We are all very independent in our family. That’s not to say we’re not close,
but the children got used to doing their own thing because I was always so
terribly busy.
We first opened the house to the public the Easter that Tom was born; we
couldn’t afford any help, so I did all the cleaning and made the teas
myself. The public came first, family second — that’s how it’s always been.
When we heard that Tom had disappeared, I felt such guilt. I thought: “My God,
why didn’t we do something sooner?” The parents of Paul Winder, who was
captured with Tom, eventually tracked us down. They’d hacked into Paul’s
e-mail and realised something was badly wrong. I remember that day very
clearly. I’d met friends for tea in Lewes with my daughter, and when we got
back, my husband said he’d had a call from Paul’s parents. Knowing how
dangerous that part of the world is, he was in a terrible state. For some
reason I was very calm. I just tried to concentrate on the enormous amount
there was to do. In the next weeks and months, we accumulated mountains of
paperwork. We hired private investigators who, when they couldn’t find any
clues, would make something up. It was terribly cruel.
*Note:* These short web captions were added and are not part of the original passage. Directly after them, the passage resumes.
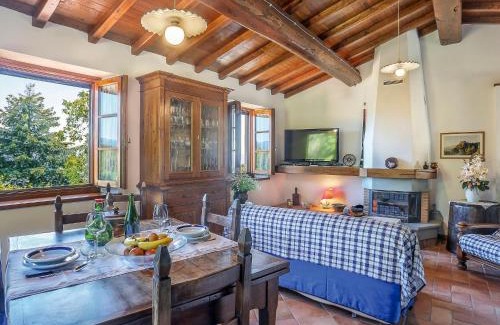 Molazzana Apartment | Apartment Le Bore-1 by Interhome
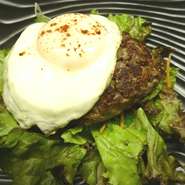 ステーキ肉を包丁でミンチ、100％フィレを使っています。
（ライス、スープ付）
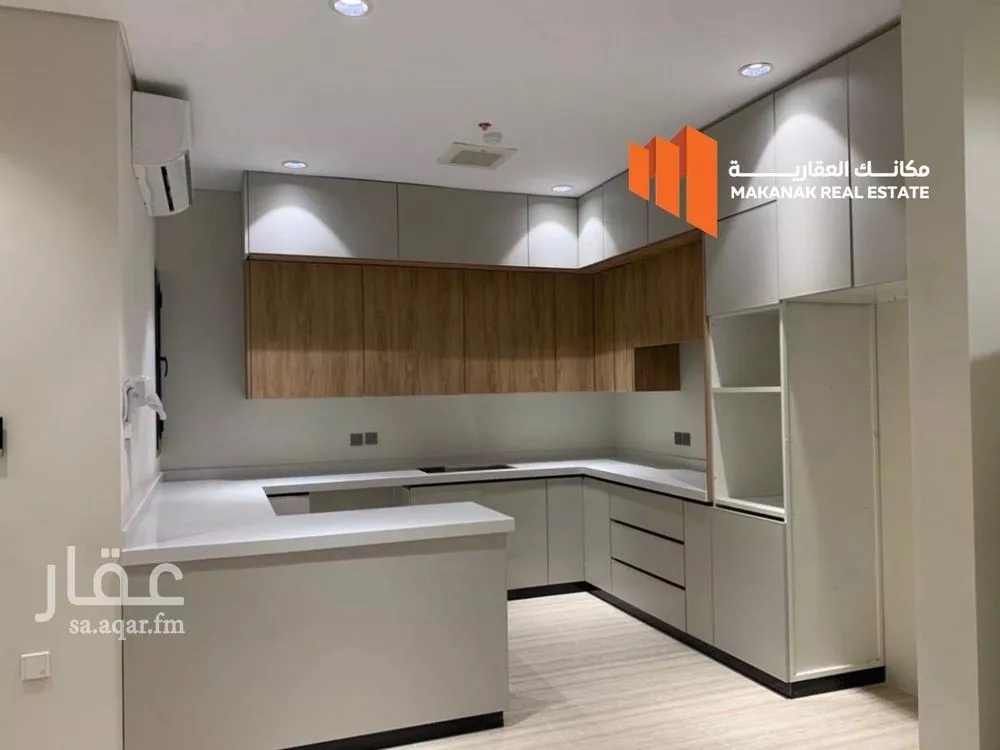 3 bedroom apartment in Al Hamra 7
There was no ransom
demand, nothing. Yet I couldn’t believe he was dead. Another mother asked
me: “How can you get up in the mornings?” Strangely, it wasn’t difficult.
Throughout it all, the house was open and the show had to go on. My lowest
point was when I flew out to Colombia to hunt for Tom. He had been missing
for three months, I had lost a lot of weight and I felt so ill that I could
hardly move.
Although I didn’t find Tom, the people I met out there were wonderful and I
gained such strength from them. I like to think the men who held Tom and
Paul finally released them out of compassion. It’s the mothers who keep
everything together in Bogota, and there is no question the news that Tom’s
mother was searching for him filtered through.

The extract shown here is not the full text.